He’s still a bit of an oblivious idiot, mind you, but he’s also a product of his world.

In a way, it’s a lot like culture-shock. One of the reasons I think everyone should travel if they can is to experience different ways of life. Sometimes it’s the little habits that might surprise you. Or a way of looking at the world that is very different.

When I was in High School, I had the incredible fortune to earn a spot on a Japan Study Tour. We were there 3 weeks, some of which was spent in a home-stay. Myself and one other student stayed with the Sakurai family in Yokohama, who were very generous and kind. That was my favorite part of the entire trip, in fact!! Ryoko was about my age and her English was excellent (which was good, because the best I could manage in Japanese was about four ways of saying “Thank you”). We went on the “Path of 1000 Steps,” said to be part of the path traveled bu Matsuo Basho — one of the greatest Japanese haiku poets. We came to a Shinto shrine, a small one, inside of which was a rock on a pillow. I remember asking her about kami, which is a little like a god and a little like a spirit, but not accurately summed up by either word. She pointed to the rock and said that it represented the kami. “Okay, but where IS the kami?” I asked. She shook her head, and pointed to it again. “What?” I said incredulously, “You mean — that IS it?” The idea completely threw me!! It was just a rock — wasn’t it??

Have you ever been surprised by something you learned about a new culture? What did you learn?

In all the excitement last update, I forgot to share the latest process video I’d made! This one’s on how I ink, and the preparation for color-blocking.

21 Comments

Children visit this site. Moderate your language accordingly.

Awww, shucks Kali, Tama won’t kill you without a second thought! Look at how many thoughts he’s got! I can tell at least 8 of them are trying to force their way out of his mouth right now!
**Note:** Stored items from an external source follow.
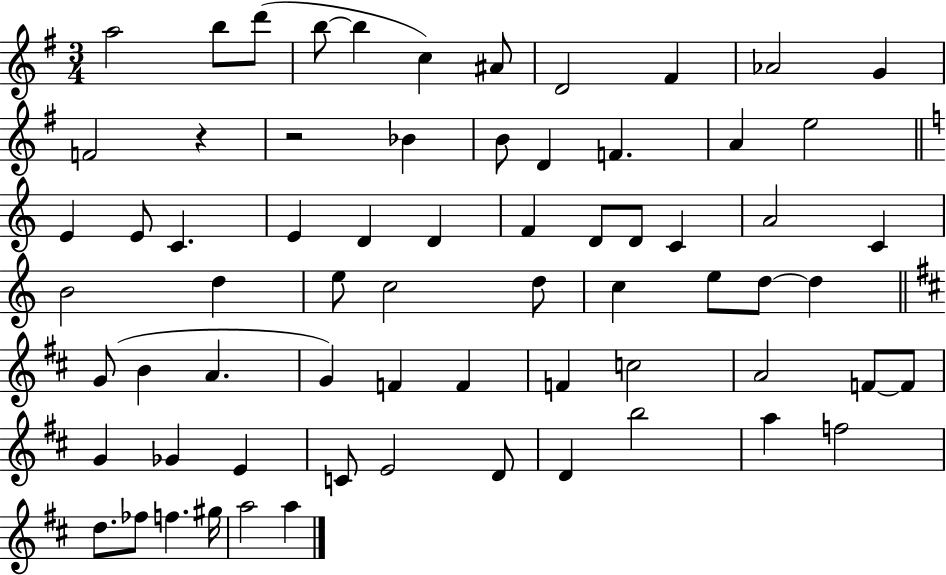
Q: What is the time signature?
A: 3/4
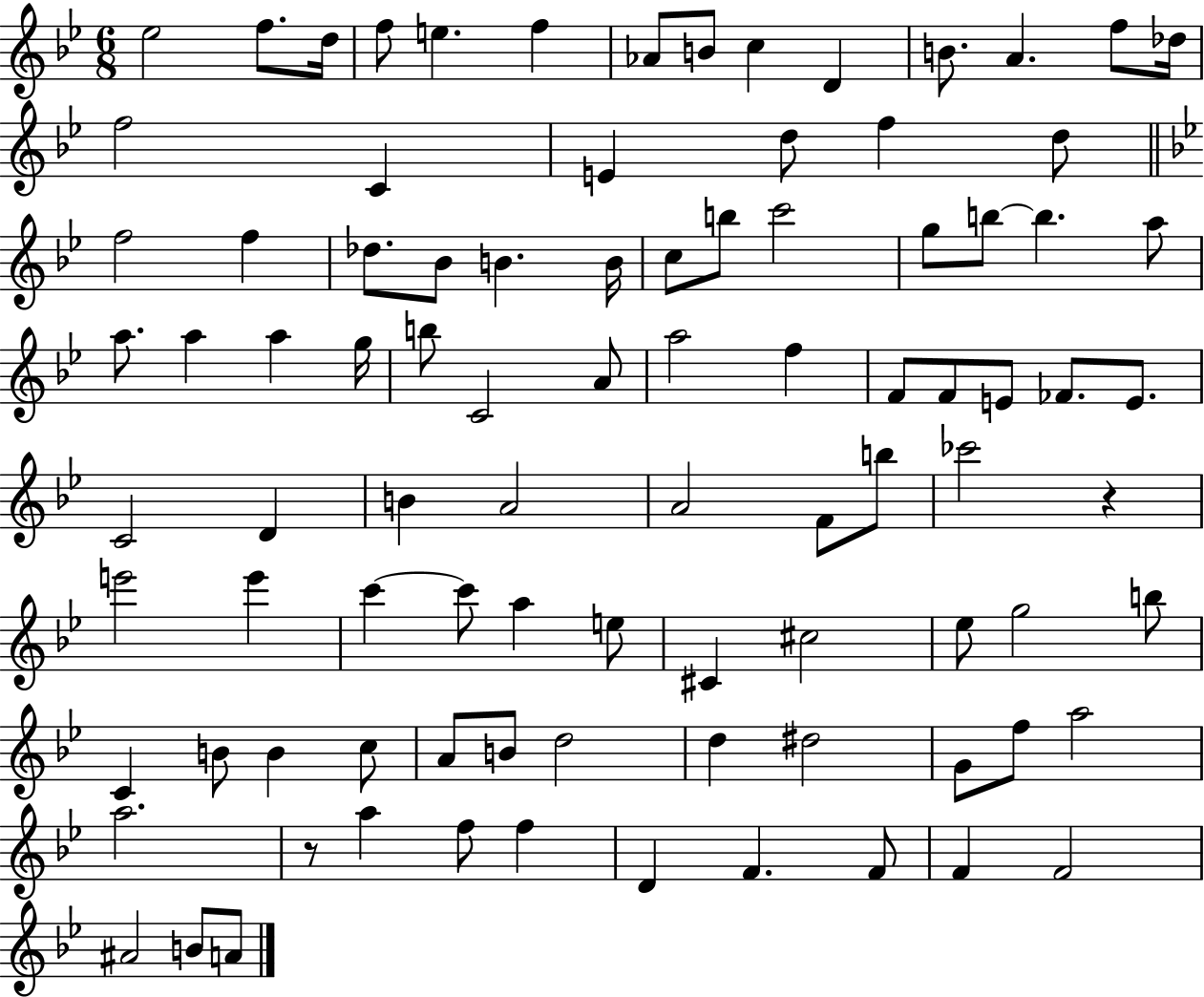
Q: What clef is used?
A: treble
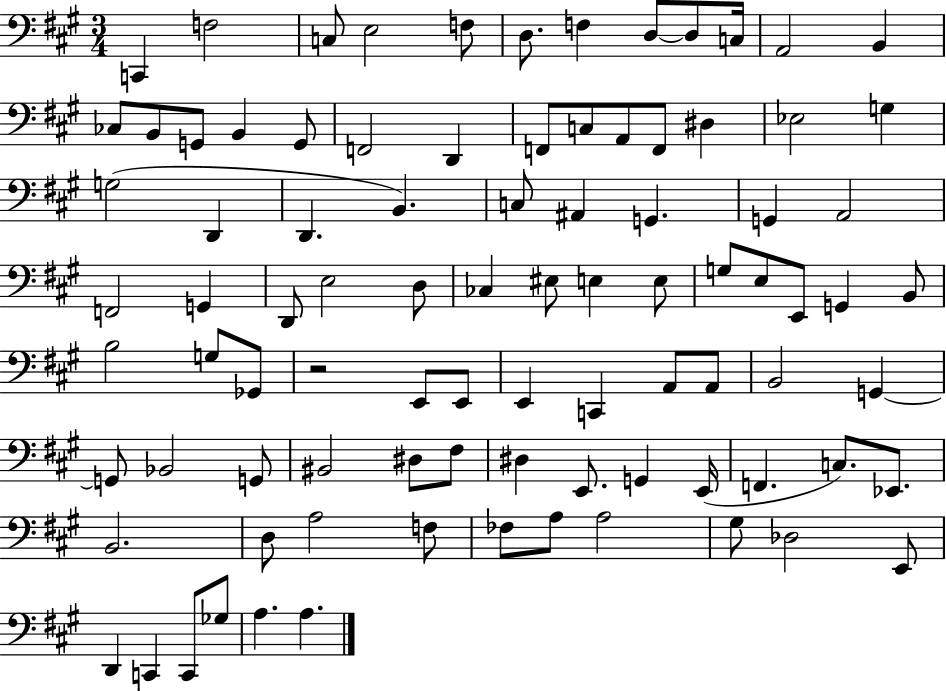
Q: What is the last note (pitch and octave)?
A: A3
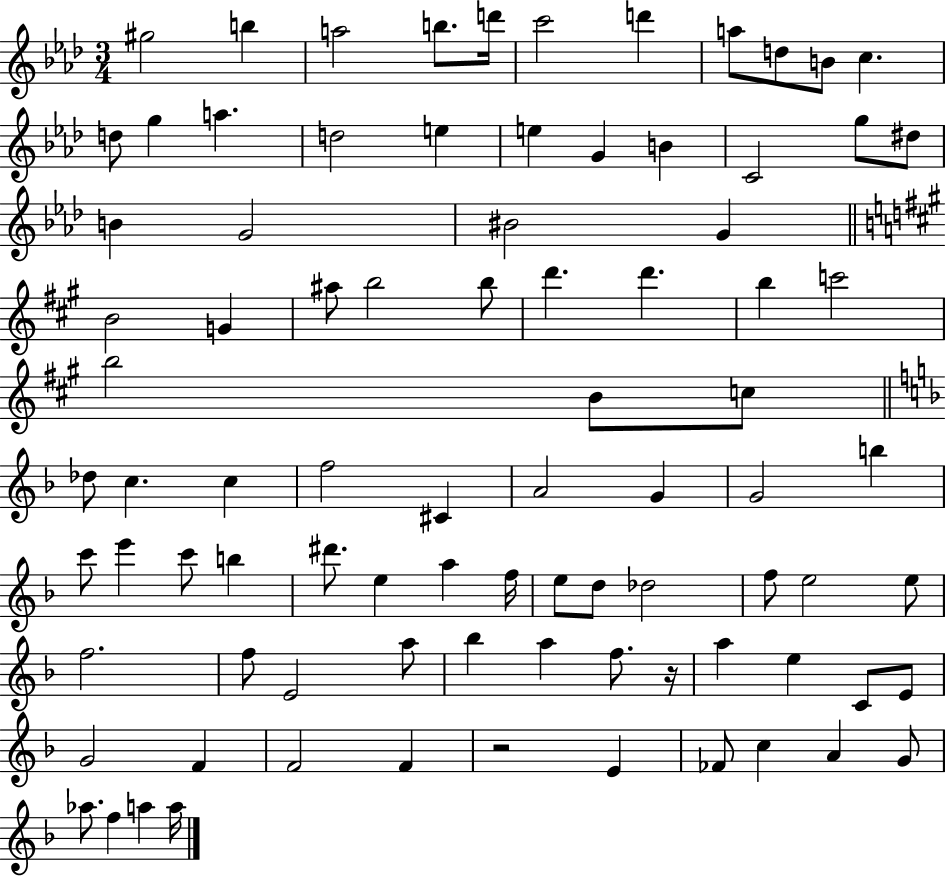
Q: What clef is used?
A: treble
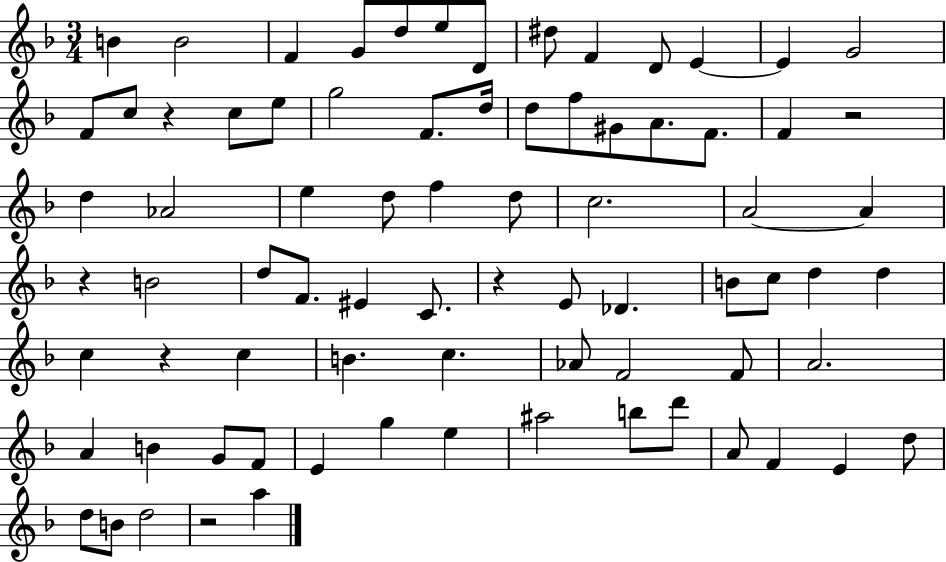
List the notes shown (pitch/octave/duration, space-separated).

B4/q B4/h F4/q G4/e D5/e E5/e D4/e D#5/e F4/q D4/e E4/q E4/q G4/h F4/e C5/e R/q C5/e E5/e G5/h F4/e. D5/s D5/e F5/e G#4/e A4/e. F4/e. F4/q R/h D5/q Ab4/h E5/q D5/e F5/q D5/e C5/h. A4/h A4/q R/q B4/h D5/e F4/e. EIS4/q C4/e. R/q E4/e Db4/q. B4/e C5/e D5/q D5/q C5/q R/q C5/q B4/q. C5/q. Ab4/e F4/h F4/e A4/h. A4/q B4/q G4/e F4/e E4/q G5/q E5/q A#5/h B5/e D6/e A4/e F4/q E4/q D5/e D5/e B4/e D5/h R/h A5/q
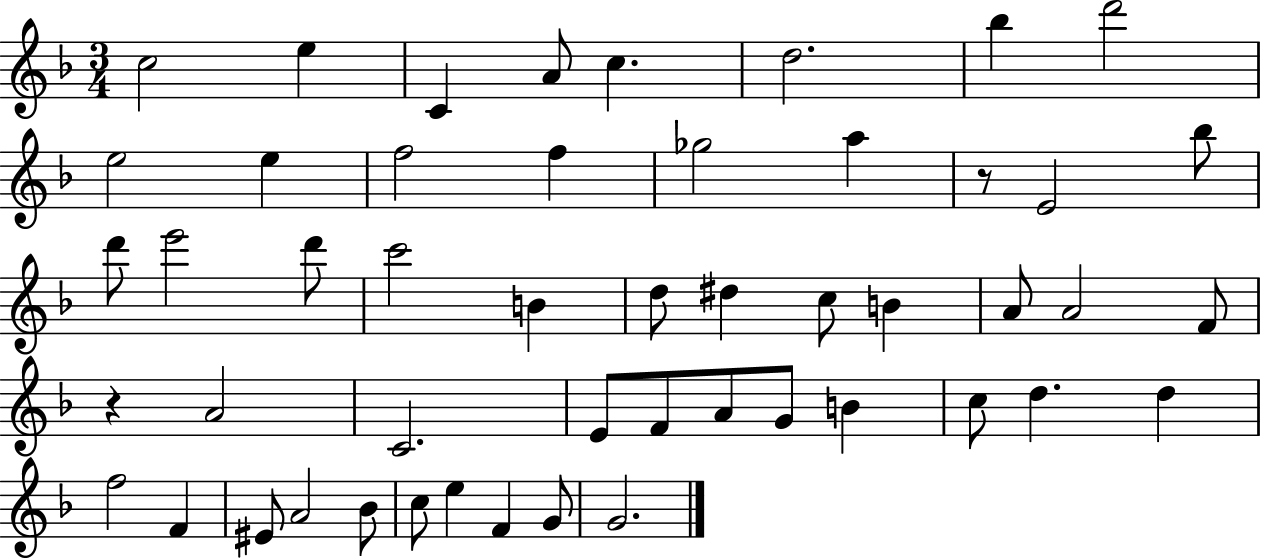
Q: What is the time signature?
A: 3/4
(But I think you’re likely not going to give him time to spit them out.)

oh my! TAMA NO.

Also robin! regarding portable inks–I LOVE using an actual brush but I began to get kind of turned off of this idea because I like to be portable too. I use several tech pens (aka microns) still but I really love a brush effect. Pentel puts out a REALLY nice “pentel pocket” brush that is waterproof and refillable. It’s a touch expensive but its one of the best portable brushpens I’ve ever found. 🙂

You can’t really blame Tama, though. I mean, he makes a lot of noise about being the son of the Scion, but at the end of the day, the only reason he has so much freedom to break the rules *is* because he’s so privileged. He might think he knows things about the world, but he probably doesn’t.

Also, Tama sucks at tact.

(At least, that’s what I think.)

Funny you mention all this, Miss Robin. The summer after my freshmen year in college I went on a study abroad to the Philippines-it took my professor a while to convince me to sign up, but once there, I almost didn’t leave. (I’m being serious). We spent about a month there, travelling all over the country, and there were many beautiful and amazing places, but my favorite was a place called Banaue (I’ce probably butchers that spelling, its been a while) We stayed in this little…hotel, if you want to call it that. More like an unfinished log cabin with lots of rooms. The owner of the place was a little man called Romeo and his wife Rita. I came to adore them both more than I could possibly explain and spent as much time as I could around them. Rita explained to me exactly how she got the different dyes for the fabrics she made from the native plants (holy cow is that a time consuming practice!). It makes you appreciate the little things, like food dye for a couple cents at the grocery store! But I think what surprised me most were two things Romeo said. First, I asked about the statutes of the rice god and goddess, because I had heard him say that he was Catholic (common in this country), and, being the moat hilarious man I had ever heard, said “Yes, I believe in the Catholic god, and the rice gods, and all of the others. If you don’t believe in them they kick you!” He was being 100% serious! (I was a religion major, this blew my mind) and second… (its a good thing I have an open mind and am not easily offended) our tour guide, whom I will refrain from naming, had a crush on me. It was reciprocal, mind you, but his feelings were what mattered. They had this little, uh, hut, I guess. Old, old thing, but well taken care of, with very…VERY sexual depictions adorning it in beautiful craftsmanship. On one side of the entrance was a pregnant, naked woman, on the other was a, ahem, well endowed naked man. Upon noticing that our guide had feelings for me, Romeo very seriously suggested we get married and go into the hut to “have fun and make lots of babies.” Talk about culture shock!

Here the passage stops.